The prevalence of body composition abnormalities across the groups is shown in Figure 1. The incidence of a high waist-hip ratio was significantly greater in the ES group compared to the LS group (p = 0.00). Sarcopenic obesity was prevalent in 62.5% of the patients, whereas 30% of the patients had low muscle mass, according to AWGS criteria. Abdominal obesity was identified in 62.5% of subjects by visceral fat area cut-off, whereas WHR cut-off classified 67.5% of subjects. Likewise, obesity by PBF was identified in 67.5% of subjects, whereas BMI classified 52.5% of the subjects as obese, depicting under identification by 15%.

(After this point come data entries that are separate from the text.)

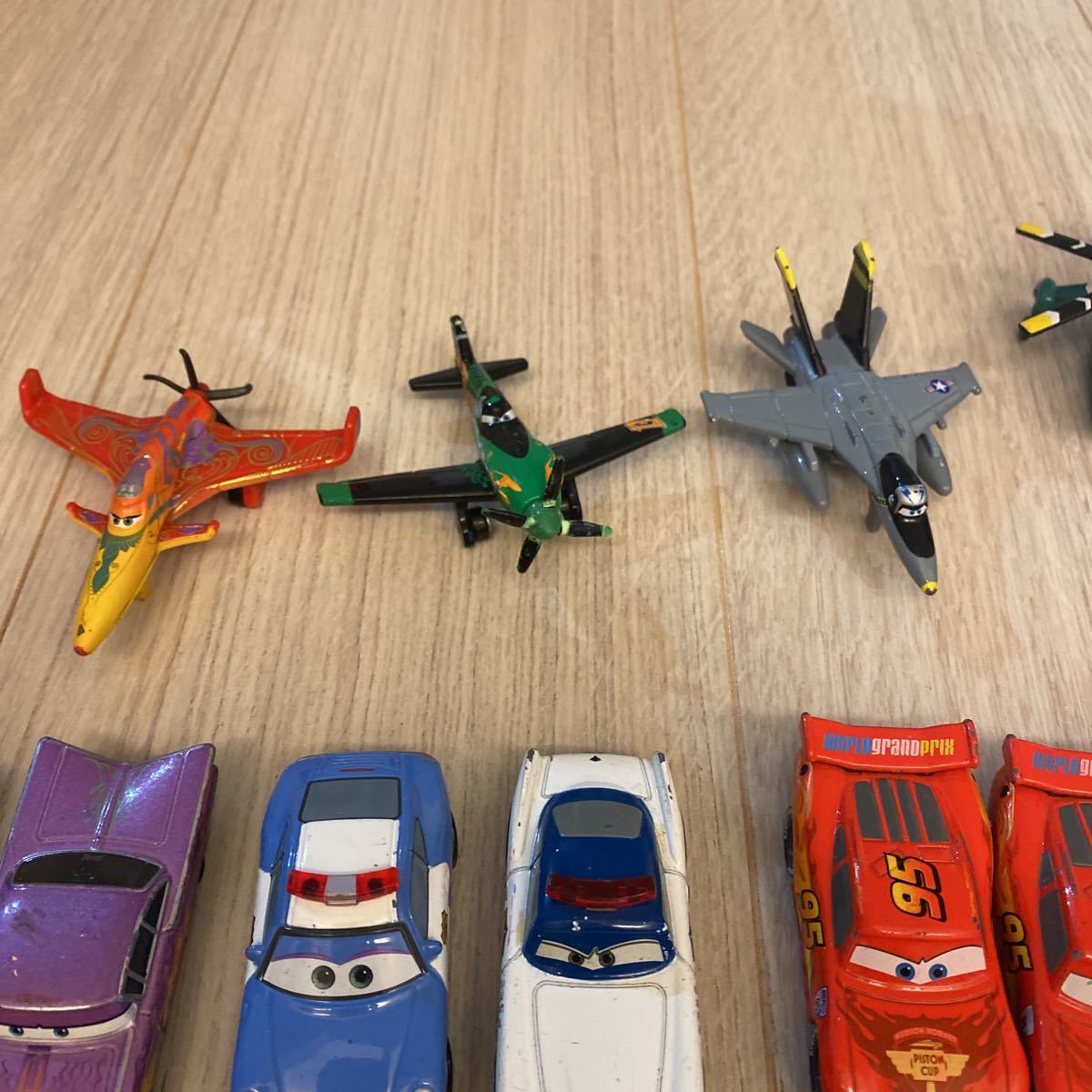 85トミカ TOMICA ディズニー カーズ プレーンズ まとめ売りまとめて39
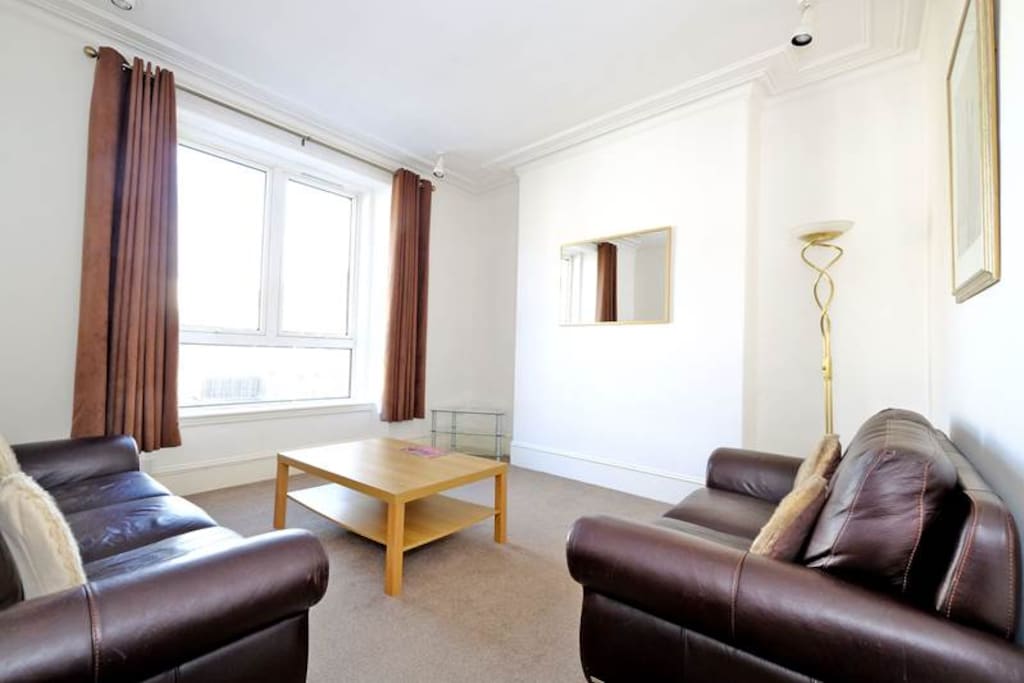 Spacious living room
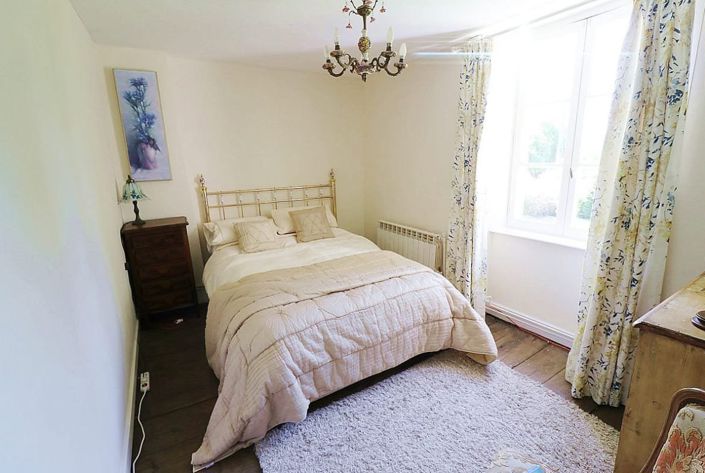 Image No.9-5 Bed Property for sale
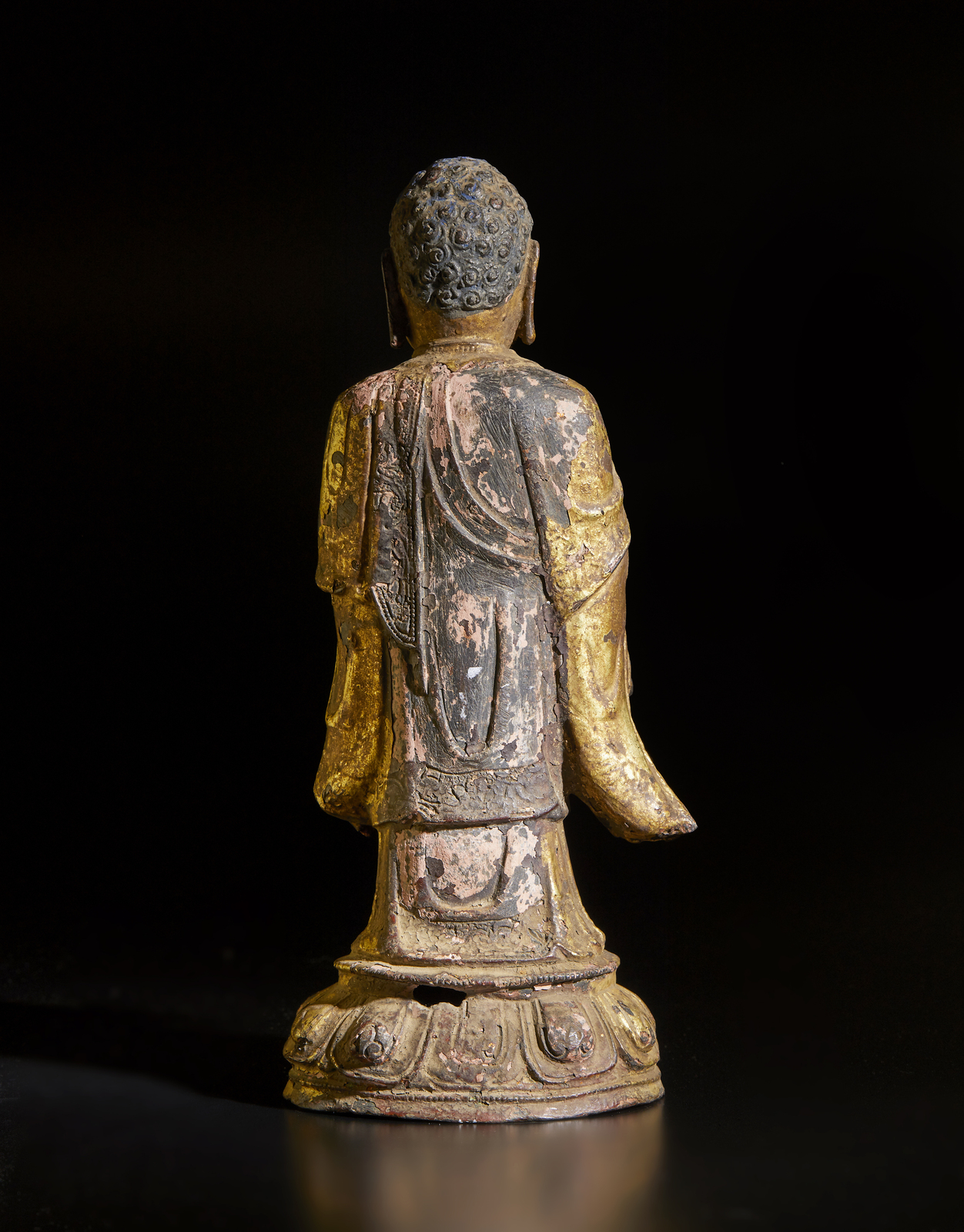 Arte Cinese A gilt lacquered bronze figure of standing BuddhaChina, Ming dynasty, 16th century. - Image 3 of 4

Correlation of eGFR with body composition parameters is established in Table 3. A significant positive correlation was observed between eGFR and weight (p = 0.02), body fat mass (p = 0.05), waist–hip ratio (p = 0.00), visceral fat area (p = 0.05), and phase angle (p = 0.01), whereas the ratio of ECW to TBW was significantly and negatively correlated with eGFR (p = 0.01).
Variables | eGFR | |
---|---|---|
r | p Value | |
Height (cm) | 0.203 | 0.21 |
Weight (kg) | 0.361 | 0.02* |
Body mass index (kg/m2) | 0.249 | 0.12 |
Protein (kg) | 0.163 | 0.32 |
Minerals (kg) | 0.039 | 0.81 |
Soft lean mass (kg) | 0.133 | 0.41 |
Fat-free mass (kg) | 0.125 | 0.44 |
Skeletal muscle mass (kg) | 0.164 | 0.31 |
Bone mineral content (kg) | 0.017 | 0.92 |
Fat-free mass index (kg/m2) | 0.047 | 0.78 |
Fat mass index (kg/m2) | 0.215 | 0.18 |
Skeletal muscle index (kg/m2) | 0.107 | 0.51 |
Body fat mass (kg) | 0.311 | 0.05* |
Percent body fat (%) | 0.217 | 0.18 |
Visceral fat area (cm2) | 0.307 | 0.05* |
Waist–hip ratio | 0.457 | 0.00** |
ECW/TBW | −0.388 | 0.01* |
Body cell mass (kg) | 0.161 | 0.32 |
WBPA (°) | 0.430 | 0.00** |
- Abbreviations: ECW/TBW, extracellular water/total body water; eGFR, estimated glomerular filtration rate; WBPA, whole-body phase angle.
- * p < 0.05;
- ** p < 0.01.
The parameters that correlated with eGFR at p < 0.05 in univariate analysis were further subjected to multivariate analysis, the results of which are presented in Table 4. For the decline in one unit of eGFR as measured in ml/min/1.73 m2, there was a decrease in weight by 0.28 kg (p = 0.02), body fat mass decreased by 0.20 kg (p = 0.05), visceral fat area decreased by 1.06 cm2 (p = 0.05) and phase angle decreased by 0.02° (p = 0.01). In addition, there was a minimal decrease in the waist-hip ratio (p = 0.00) while the ratio of ECW to TBW increased marginally (p = 0.01).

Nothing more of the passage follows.